» EXERCISE INSTRUCTIONS
Only the lines below between the one holding "istock Bunch of roasted chestnuts 1202650356" and the one holding "Açık arkaplanda bağış", inclusive, are to be reproduced word for word; the pictures are to be left out.

Segment Start: INPUT RECORDS

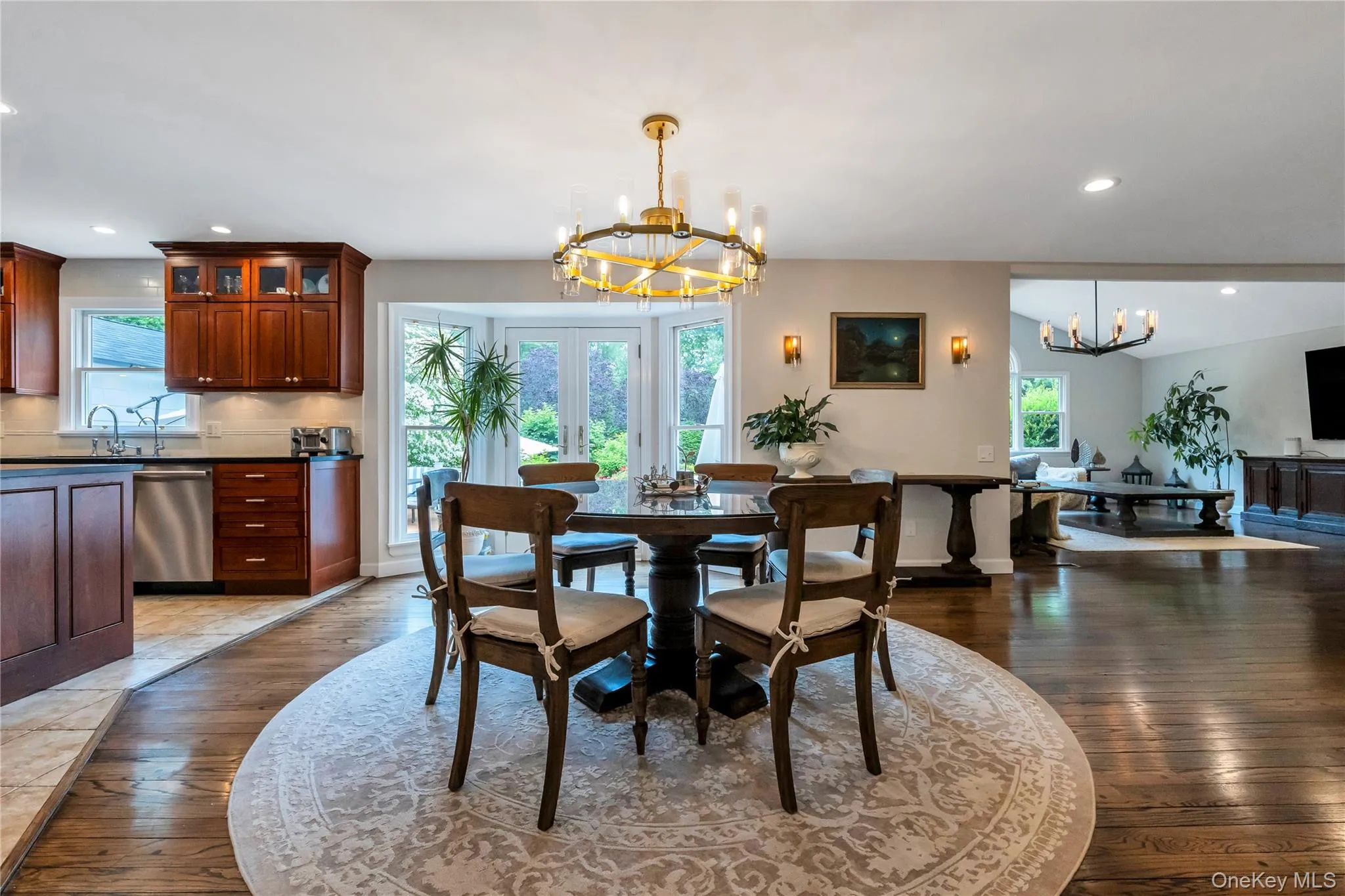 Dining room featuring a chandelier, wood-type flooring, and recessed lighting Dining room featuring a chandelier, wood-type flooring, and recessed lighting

Segment End: INPUT RECORDS
Segment Start: INPUT RECORDS

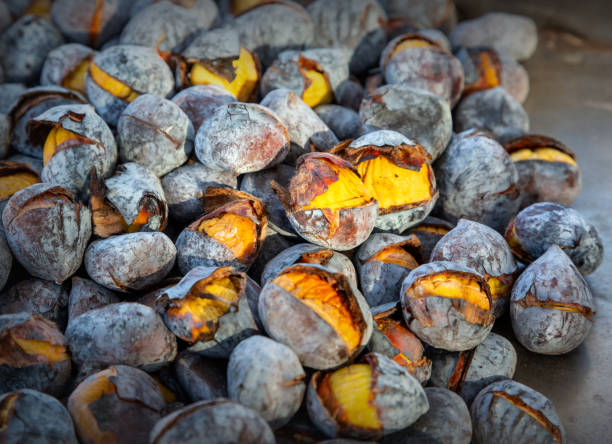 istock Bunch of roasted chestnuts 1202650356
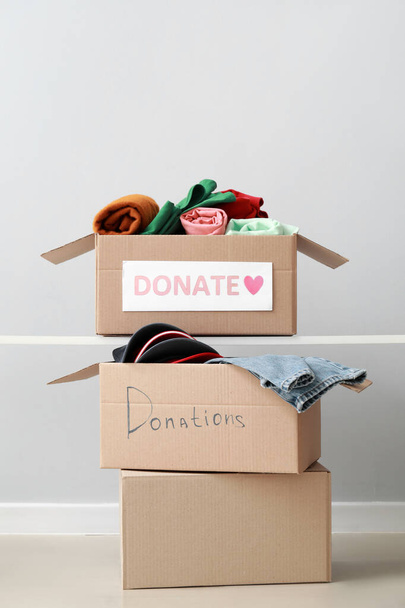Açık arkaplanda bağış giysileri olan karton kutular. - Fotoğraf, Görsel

Segment End: INPUT RECORDS

» EXERCISE SOLUTION
 istock Bunch of roasted chestnuts 1202650356
Açık arkaplanda bağış giysileri olan karton kutular. - Fotoğraf, Görsel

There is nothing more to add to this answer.